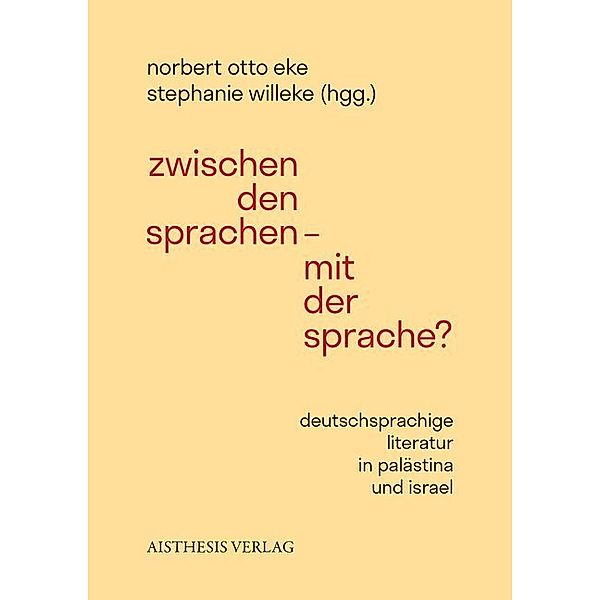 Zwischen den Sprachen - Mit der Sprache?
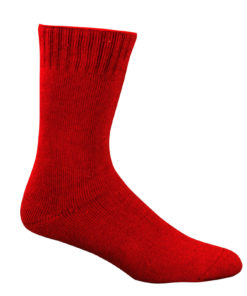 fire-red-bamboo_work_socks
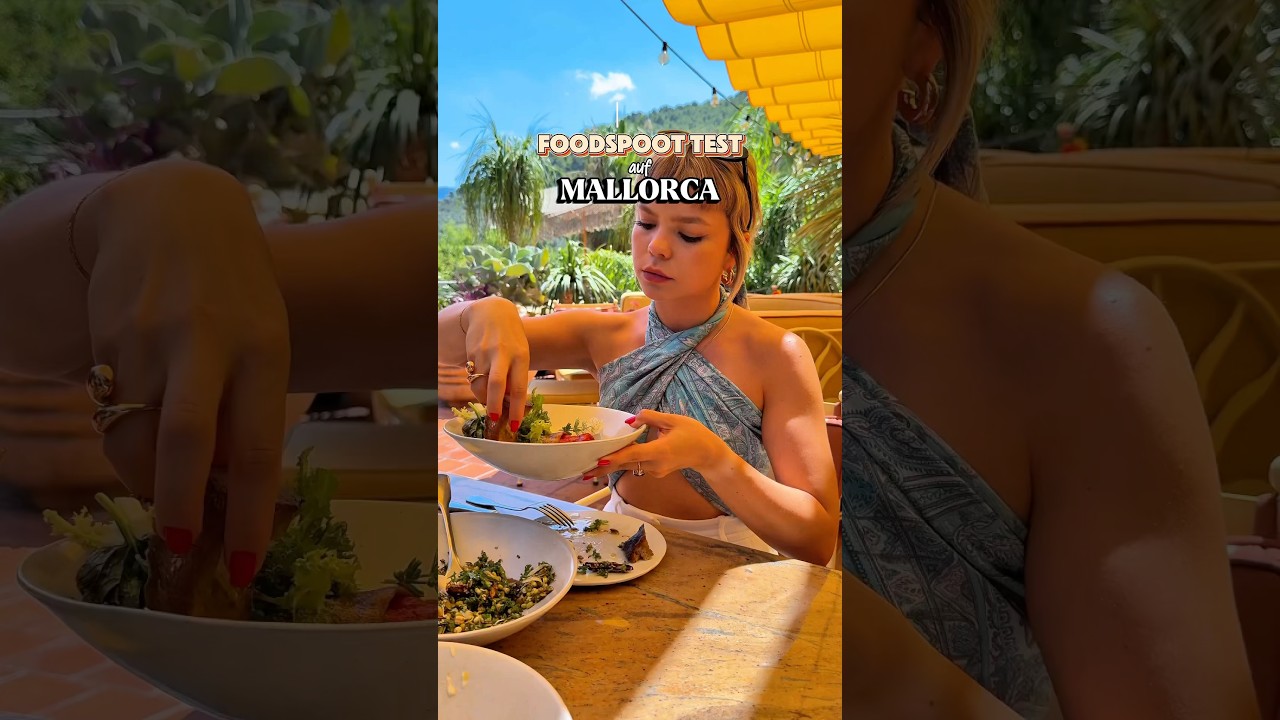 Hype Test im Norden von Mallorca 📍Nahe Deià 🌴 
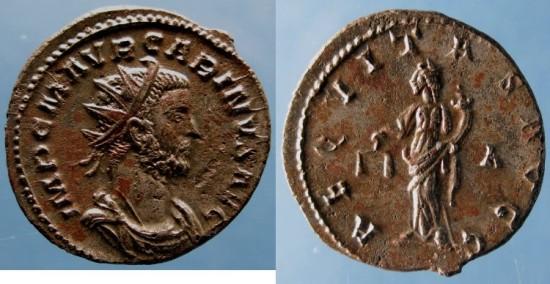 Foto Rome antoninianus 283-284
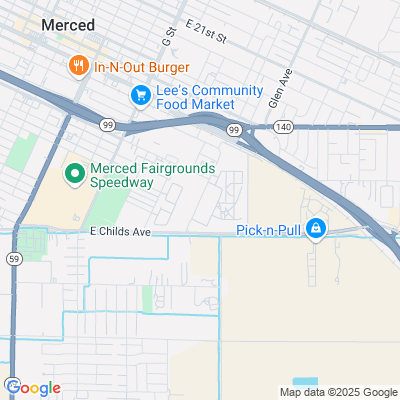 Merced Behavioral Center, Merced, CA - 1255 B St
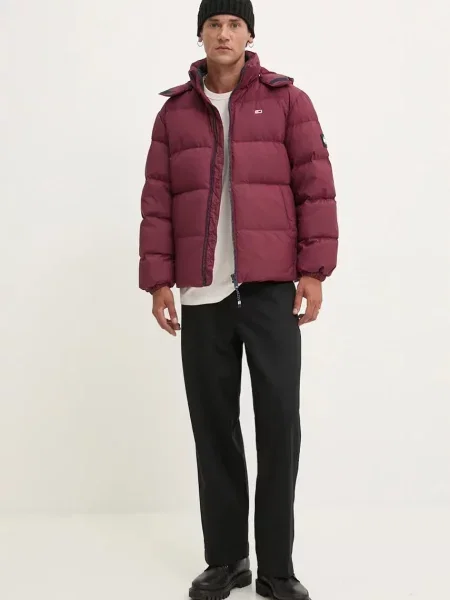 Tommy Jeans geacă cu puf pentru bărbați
· · · · ·
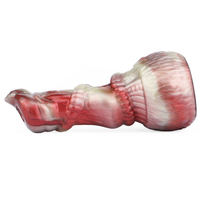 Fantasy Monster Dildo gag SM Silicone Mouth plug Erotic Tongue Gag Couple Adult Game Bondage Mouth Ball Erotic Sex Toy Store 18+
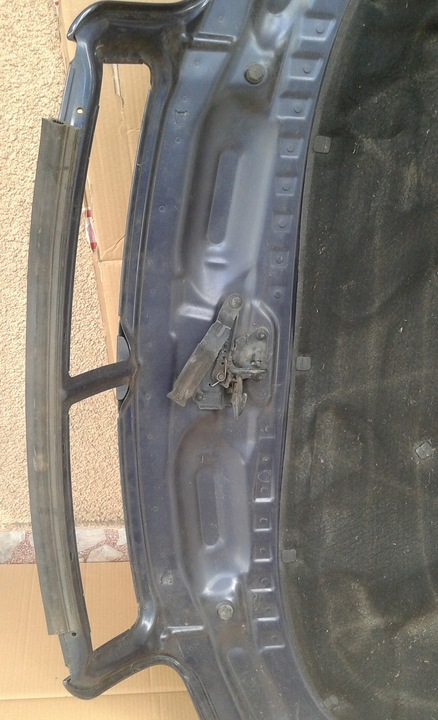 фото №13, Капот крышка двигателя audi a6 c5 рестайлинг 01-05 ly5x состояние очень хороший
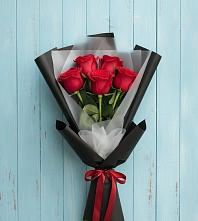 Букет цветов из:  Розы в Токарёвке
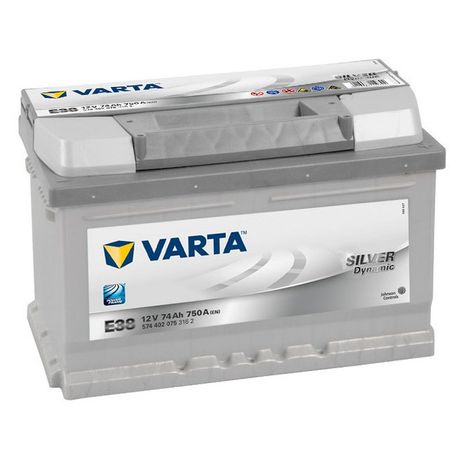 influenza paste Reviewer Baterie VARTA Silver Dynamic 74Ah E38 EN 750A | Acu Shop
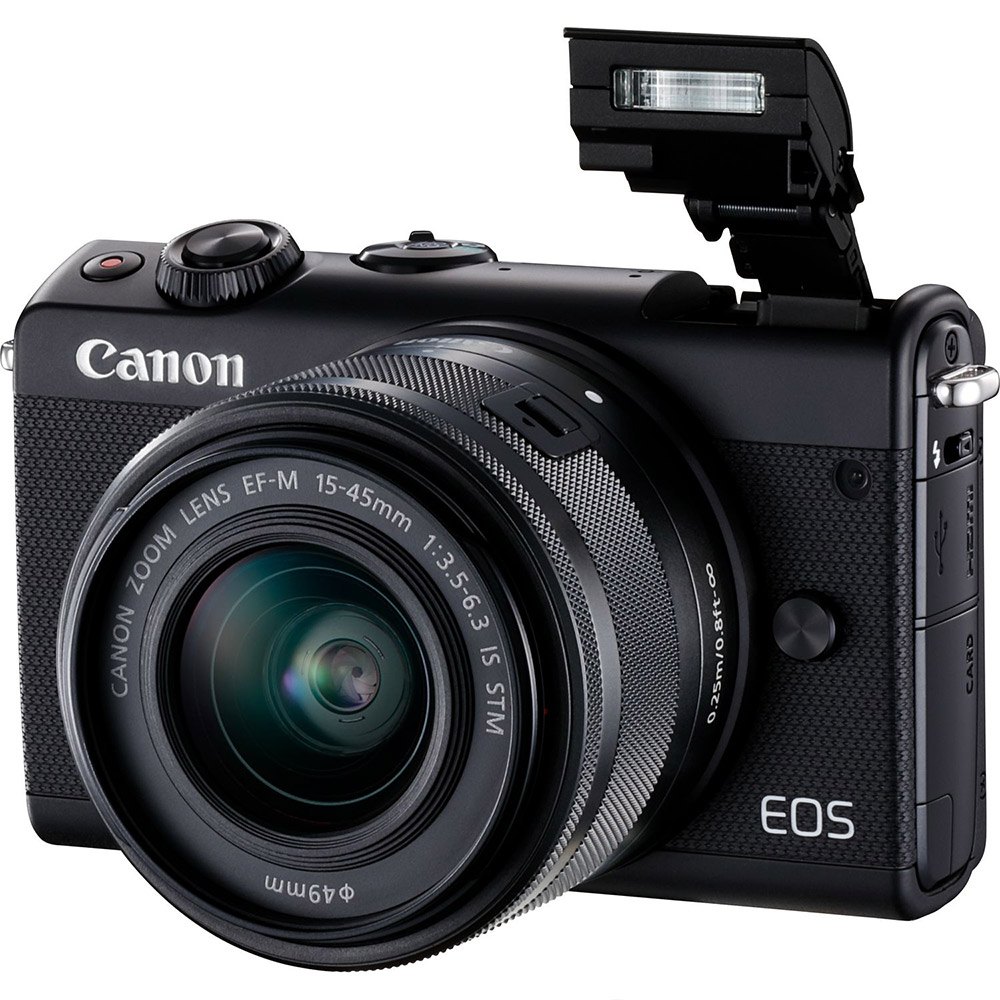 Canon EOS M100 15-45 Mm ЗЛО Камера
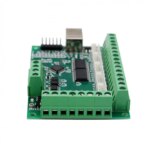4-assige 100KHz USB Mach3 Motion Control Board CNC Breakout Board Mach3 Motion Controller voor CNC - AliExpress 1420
· · · · ·
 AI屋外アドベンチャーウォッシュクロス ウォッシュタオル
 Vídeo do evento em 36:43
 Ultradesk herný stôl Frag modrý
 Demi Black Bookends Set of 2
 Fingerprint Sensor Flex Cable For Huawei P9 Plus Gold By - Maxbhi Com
· · · · ·
Task to complete » The material above holds pictures; leave them out. Repeat exactly the lines from the one containing "Zwischen den Sprachen - Mit der Sprache?" through the one containing "Tommy Jeans geacă cu puf pentru bărbați", and nothing else.

Task response »
 Zwischen den Sprachen - Mit der Sprache?
 fire-red-bamboo_work_socks
 Hype Test im Norden von Mallorca 📍Nahe Deià 🌴 
 Foto Rome antoninianus 283-284
 Merced Behavioral Center, Merced, CA - 1255 B St
 Tommy Jeans geacă cu puf pentru bărbați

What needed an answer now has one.